In our current pandemic for instance, when rich and powerful individuals test positive for the virus, they have greater odds against the virus due to their socioeconomic status. Donald Trump, who tested positive for the coronavirus on Friday, October 2, is a great example of this. Trump, despite his age and weight that make him especially susceptible to developing severe symptoms, is at better odds of recovery, since his socioeconomic status puts him at an advantage with “access to the best possible care” and having the “privilege of getting tested often”. This special treatment is a luxury that many Americans do not have, especially with the financial barriers that come with privatized healthcare.
The lack of universal healthcare creates division in America: those who are able to afford quality healthcare, and those who aren’t. This sets the stage for selectivity and prioritization of the wealthy in America’s healthcare system. But how can that be justified? Are the lives of the wealthy and powerful truly more important than those of the vulnerable and underprivileged?

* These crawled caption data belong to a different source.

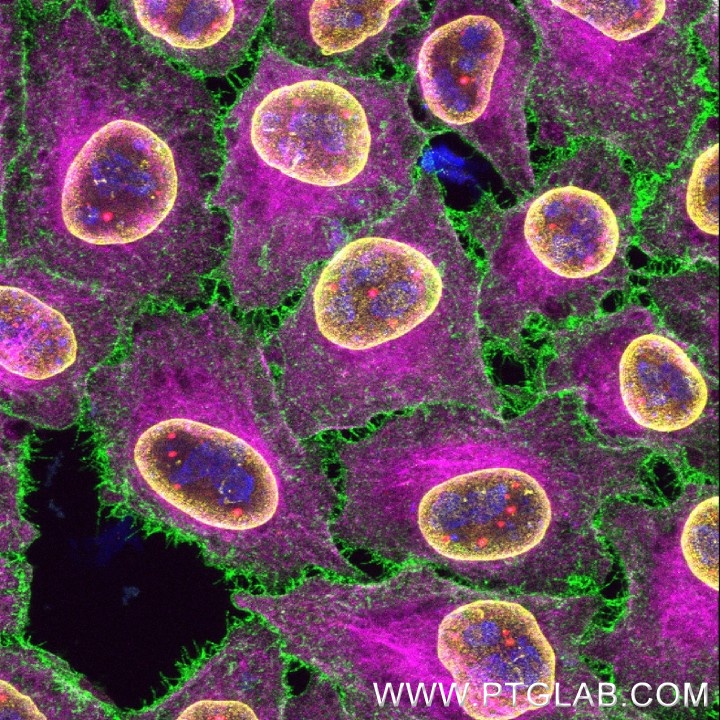Immunofluorescence of HeLa cells with 5 rabbit primary antibodies: PFA-fixed cells were stained with anti-Ki-67 antibody (MA5-14520, blue) labeled with FlexAble 2.0 CoraLite® Plus 405 Kit (KFA506), anti-CD147 antibody (11989-1-AP, green) labeled with FlexAble 2.0 CoraLite® Plus 488 Kit (KFA501), anti-Lamin B1 antibody (12987-1-AP, yellow) labeled with FlexAble 2.0 CoraLite® Plus 555 Kit (KFA502), anti-Coilin antibody (10967-1-AP, red) labeled with FlexAble 2.0 CoraLite® Plus 647 Kit (KFA503), and anti-Tubulin antibody (80713-1-RR, magenta) labeled with FlexAble 2.0 CoraLite® Plus 800 Kit. Confocal Images were acquired with a 60x oil objective and post-processed. Immunofluorescence of HeLa cells with 5 rabbit primary antibodies: PFA-fixed cells were stained with anti-Ki-67 antibody (MA5-14520, blue) labeled with FlexAble 2.0 CoraLite® Plus 405 Kit (KFA506), anti-CD147 antibody (11989-1-AP, green) labeled with FlexAble 2.0 CoraLite® Plus 488 Kit (KFA501), anti-Lamin B1 antibody (12987-1-AP, yellow) labeled with FlexAble 2.0 CoraLite® Plus 555 Kit (KFA502), anti-Coilin antibody (10967-1-AP, red) labeled with FlexAble 2.0 CoraLite® Plus 647 Kit (KFA503), and anti-Tubulin antibody (80713-1-RR, magenta) labeled with FlexAble 2.0 CoraLite® Plus 800 Kit. Confocal Images were acquired with a 60x oil objective and post-processed.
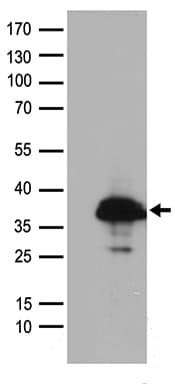 SMUG1 Antibody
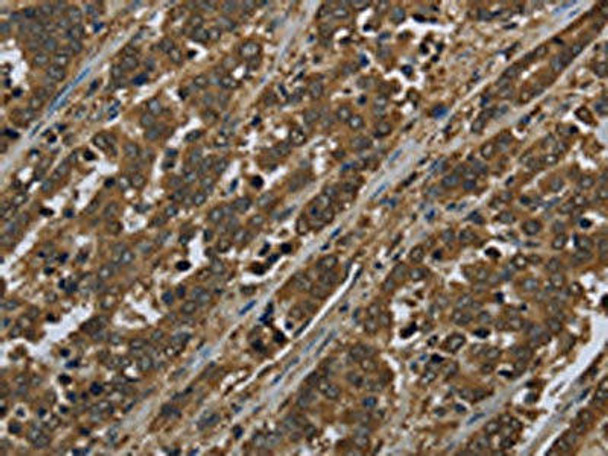 SNCG Antibody (PACO13926)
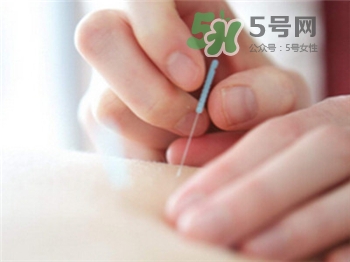 針灸減肥的誤區(qū) 針灸減肥注意事項(xiàng) 針灸減肥的誤區(qū) 針灸減肥注意事項(xiàng)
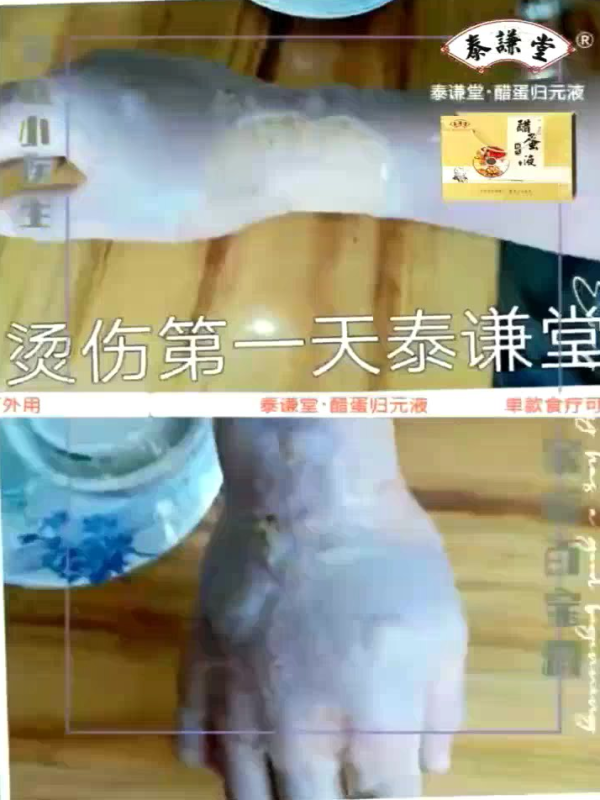 图片[1]-【视频】烫伤 使用泰谦堂醋蛋归元液18天后的受益者-醋蛋液案例交流分享圈子社区-智健家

Luckily, the Affordable Care Act, or affectionately known as Obamacare, which was implemented in 2010, seemed to disagree with this. Obamacare aimed to make healthcare insurance affordable for all Americans, not just the wealthy. It strived to protect consumers from the tactics of insurance companies, and most importantly, to help “people [who] were unemployed or had low-paying jobs… [or] couldn’t work because of a disability”. Although no policy is flawless, and roughly 28 million Americans are still uninsured as of 2018, that is more than pre-Obamacare’s America can say, which left about 44 million Americans without health insurance. With the introduction of this new policy, America’s medically uninsured rate has since seen a drastic decline. Since its implementation, more and more Americans are protected with healthcare insurance coverage.
Obamacare is the closest that America has come to a universal healthcare system. In recent years, however, Trump’s administration has outwardly expressed its desire to repeal the Act. There is a hearing against the Affordable Care Act that is expected to take place in the Supreme Court after the presidential election in November. This hearing may well “erase the Affordable Care Act from existence”, effectively robbing millions of Americans of their health insurance. Many of these Americans may be those who are most vulnerable and didn’t have health insurance prior to Obamacare.

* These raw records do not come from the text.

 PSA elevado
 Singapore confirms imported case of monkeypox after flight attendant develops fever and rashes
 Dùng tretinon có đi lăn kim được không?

The repeal of the Affordable Care Act has the potential to generate ripple effects in the American healthcare system. The abolishment of Obamacare, especially during an ongoing pandemic, may prove to be catastrophic for low-income groups or the unemployed in America.
Lack of fear for the virus due to the guarantee of treatment is a privilege that many Americans fail to possess. Not everyone gets special treatment in a pandemic, and certainly, not everyone falls into the wealthy “elite” in America.
So, what happens to the vulnerable in America who are unable to afford healthcare insurance during a time like this when they need it most? What happens when Obamacare is taken away, and the vulnerable in America who previously relied on the Act, are left to fend for themselves?
The lack of universal healthcare is America’s second, obscured epidemic: but silently it rages like wildfire just south of the border.